- Vicharius DJ
Komik Indonesia, Lebih Dari Sekedar Nilai Ekonomi

Penggemar komik dan kartun Indonesia di Jakarta punya keasyikan sendiri pada Juni ini. Pasalnya sambil menunggu waktu berbuka puasa mereka bisa melihat berbagai karya visual itu di kampus Institut Kesenian Jakarta (IKJ). Mulai Kamis petang (25/6), karya visual yang terangkum dalam pameran bertajuk 28IKINI itu dibuka resmi oleh Rektor IKJ Wagiono Sunarto di Galeri Cipta III, Taman Ismail Marzuki (TIM). Kegiatan akan berlangsung hingga 4 Juli mendatang.
Selain pameran, diselenggarakan juga beberapa kegiatan lain. Pada Sabtu (27/6) akan digelar diskusi santai komik kampus dengan tema Komik di IKJ dalam Perkembangan Pemikiran Masyarakat. Di hari yang sama juga ada peluncuran buku Sepanel Tiga Hati.

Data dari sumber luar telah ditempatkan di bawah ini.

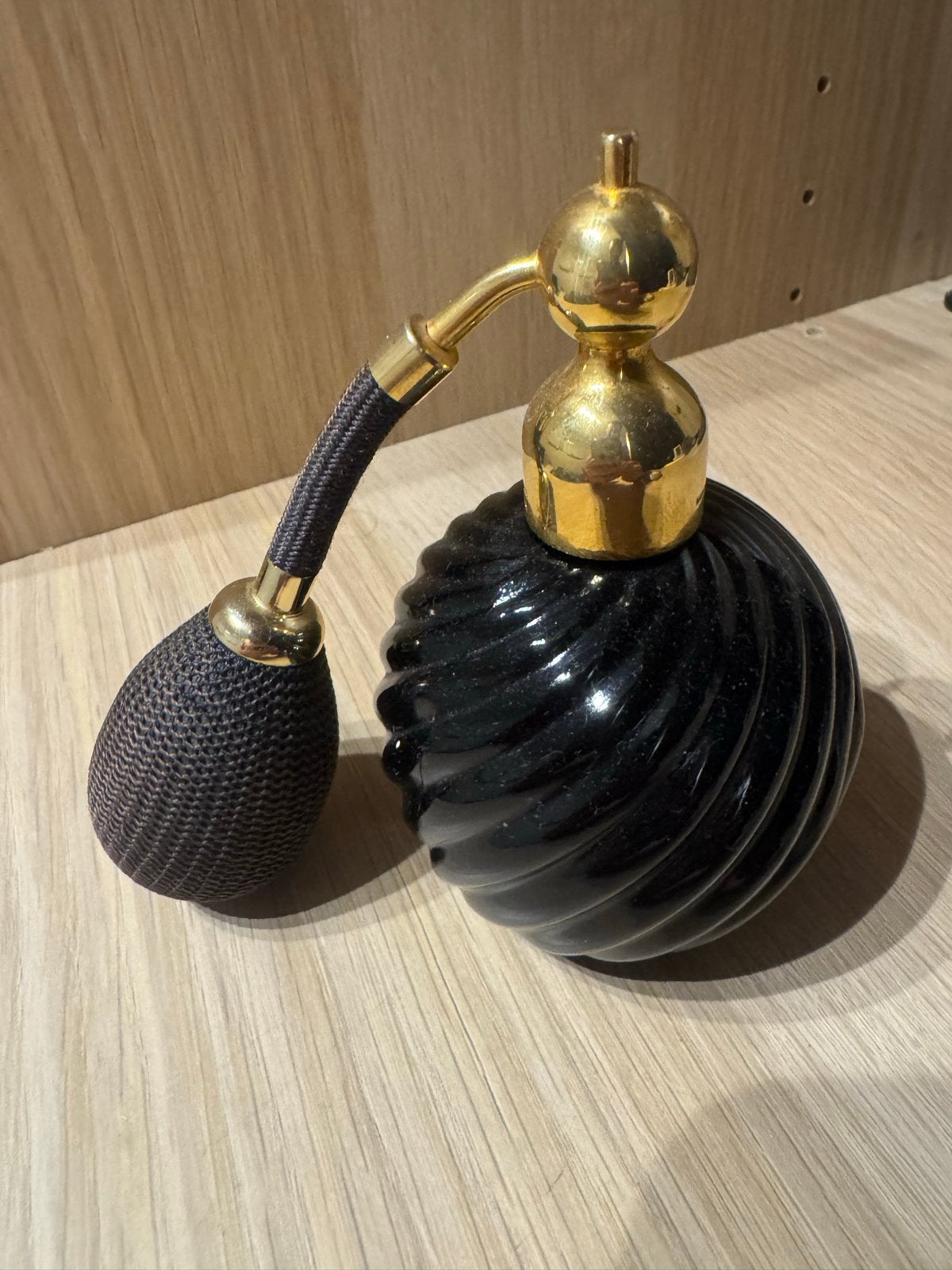 Antieke Parfum Verstuiver - Zwart Glas, Made in France, Antiek en Kunst, Verzenden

Buku kompilasi komik ini adalah hasil karya mahasiswa Desain Komunikasi Visual Fakultas Seni Rupa IKJ. Keesokan harinya, Minggu (28/6), akan digelar workshop komik strip dan peluncuran buku Sapa Suru Datang Jakarta karya Tantio Adjie.
Workshop dipandu komikus ternama Muhammad “Mice” Misrad dan Muhammad Reza “Komikazer” Mustar. Komikazer akan kembali hadir di Galeri Cipta 3 dalam Diskusi, Temu Alumni, dan Revitalisasi Sekte Komik, 4 Juli mendatang. Pembicara lainnya adalah Alfie Zackyelle.
Komikus Beng Rahadian mengatakan komikus, penerbit buku komik, kolektor komik, bahkan produser film animasi seharusnya tak hanya melihat komik dari benda koleksi, barang dagangan, atau pengaruhnya di dunia ekonomi. Komik merupakan aset kebudayaan bangsa. "Komik adalah aset kebudayaan dan penting. Saya sempat khawatir tentang komik-komik lama kita yang harus kita jaga. Saya pikir dengan adanya kolaborasi budayawan, kolektor, dan komikus, komik Indonesia tak sekadar barang jualan,” kata Beng.
Pengajar IKJ lainnya, Iwan Gunawan, bahkan mengatakan perlunya membuat gerakan mengenal kembali komik di Indonesia. Gerakan itu akan mencari jalan bagaimana agar komik Indonesia dapat dipelihara dan dilestarikan orang. Serta bagaimana agar anak Indonesia mengenal komikus dan komik Indonesia lebih dari referensi yang dia miliki sekarang.
“Kita membutuhkan Pusat Kajian Komik, semoga bisa didirikan di Institut Kesenian Jakarta ini. Kita belum banyak memiliki tulisan tentang komik. Komik pun bisa dikaji secara ilmiah. Buku terjemahan karya Marcel Bonneff misalnya, sudah beredar sejak 1997-an di Indonesia. Ada juga tulisan karya Seno Gumira Ajidarma. Kita bahkan pernah memiliki gerakan komunitas Pengki (Pengumpul Komik IKJ),” ucapnya.